Copy word for word the lines from the start of the records through the line that contains "กรอบหน้า PSP2000 สีดำ , สีขาว", both included.
Input Block Start
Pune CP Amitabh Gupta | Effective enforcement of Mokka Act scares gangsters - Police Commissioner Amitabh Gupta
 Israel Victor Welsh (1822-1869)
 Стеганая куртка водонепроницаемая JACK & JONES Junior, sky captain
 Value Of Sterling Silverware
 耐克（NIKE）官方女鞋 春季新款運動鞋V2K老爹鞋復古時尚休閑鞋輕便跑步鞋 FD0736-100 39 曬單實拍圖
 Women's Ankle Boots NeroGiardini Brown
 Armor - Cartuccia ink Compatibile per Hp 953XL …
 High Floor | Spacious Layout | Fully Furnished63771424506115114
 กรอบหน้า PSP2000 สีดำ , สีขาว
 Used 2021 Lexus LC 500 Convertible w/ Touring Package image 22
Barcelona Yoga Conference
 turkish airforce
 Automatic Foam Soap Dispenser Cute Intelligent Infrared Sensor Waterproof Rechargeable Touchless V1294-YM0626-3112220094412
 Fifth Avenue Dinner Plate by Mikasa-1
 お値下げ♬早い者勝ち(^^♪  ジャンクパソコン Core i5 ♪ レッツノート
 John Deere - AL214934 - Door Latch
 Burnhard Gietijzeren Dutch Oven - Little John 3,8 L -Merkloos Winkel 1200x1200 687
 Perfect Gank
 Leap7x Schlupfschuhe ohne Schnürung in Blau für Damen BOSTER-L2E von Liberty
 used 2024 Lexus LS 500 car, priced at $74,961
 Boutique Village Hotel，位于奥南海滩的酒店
Input Block End
> **Answer space**:
Pune CP Amitabh Gupta | Effective enforcement of Mokka Act scares gangsters - Police Commissioner Amitabh Gupta
 Israel Victor Welsh (1822-1869)
 Стеганая куртка водонепроницаемая JACK & JONES Junior, sky captain
 Value Of Sterling Silverware
 耐克（NIKE）官方女鞋 春季新款運動鞋V2K老爹鞋復古時尚休閑鞋輕便跑步鞋 FD0736-100 39 曬單實拍圖
 Women's Ankle Boots NeroGiardini Brown
 Armor - Cartuccia ink Compatibile per Hp 953XL …
 High Floor | Spacious Layout | Fully Furnished63771424506115114
 กรอบหน้า PSP2000 สีดำ , สีขาว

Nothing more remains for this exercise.